**PROVIDED DATA:**
..............................

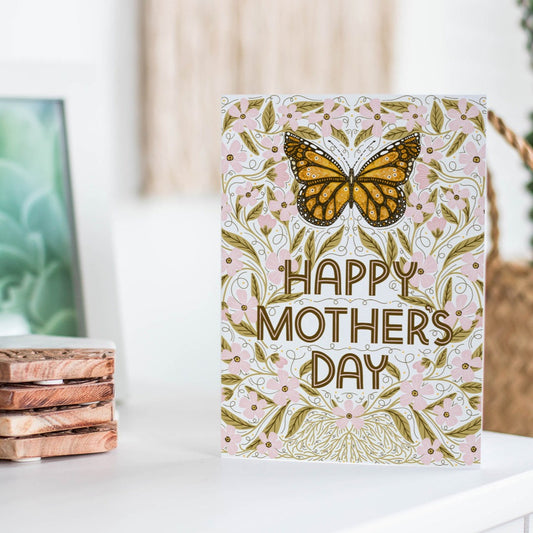 Monarch Mother's Day Card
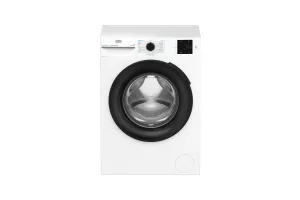 Beko BM3WFT3841W - EnergySpin - 8 kg wasmachine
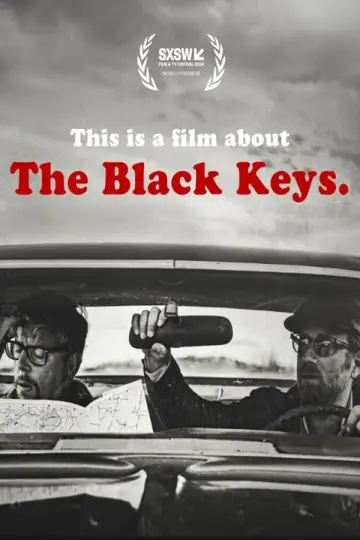 Poster to the movie "This is a Film About The Black Keys" #431056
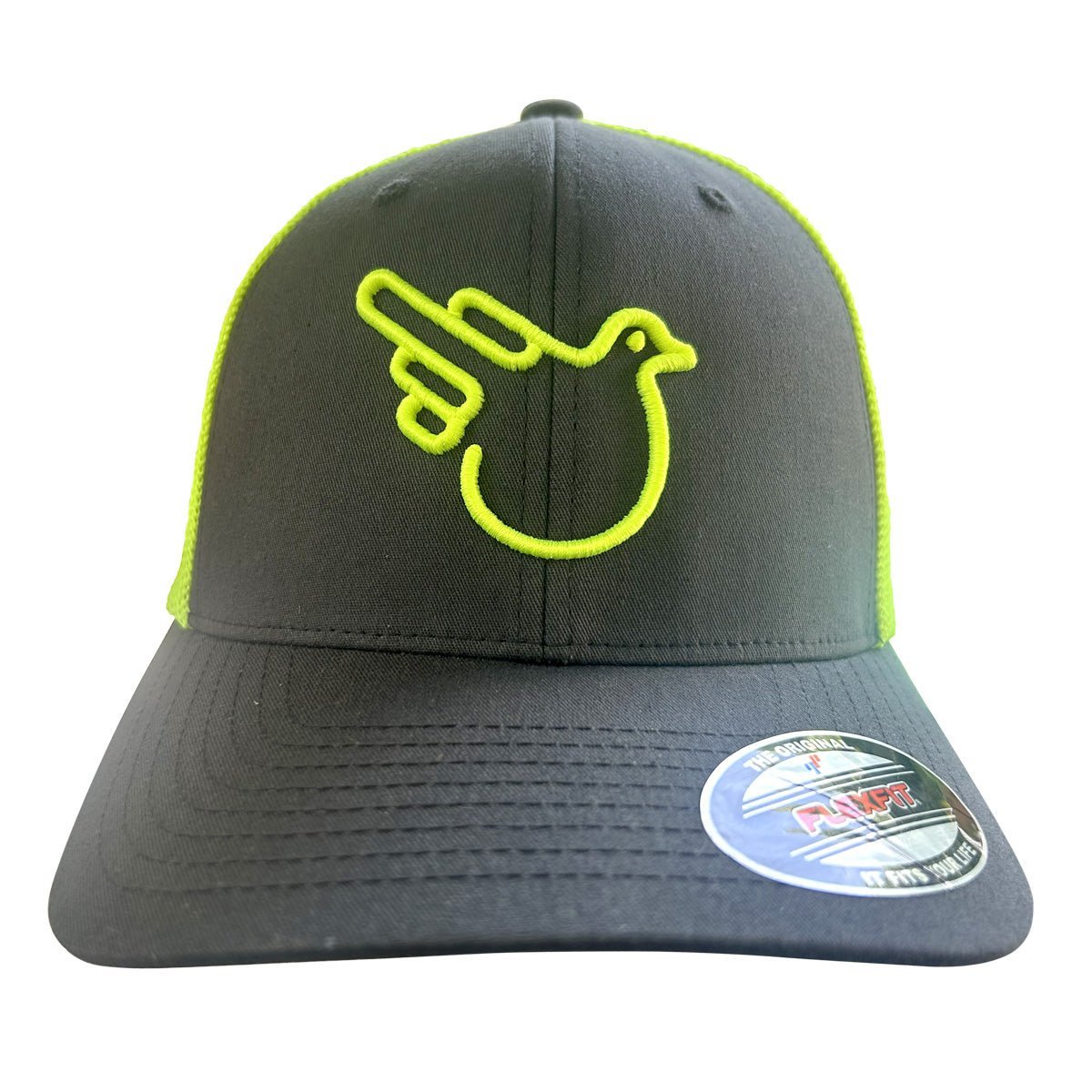 The Flexy Fitted Trucker Hat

..............................

Exactly as written, return every line of the listing, but not the pictures.

**SOLUTION FOR THIS PROBLEM:**
 Monarch Mother's Day Card
 Beko BM3WFT3841W - EnergySpin - 8 kg wasmachine
 Poster to the movie "This is a Film About The Black Keys" #431056
 The Flexy Fitted Trucker Hat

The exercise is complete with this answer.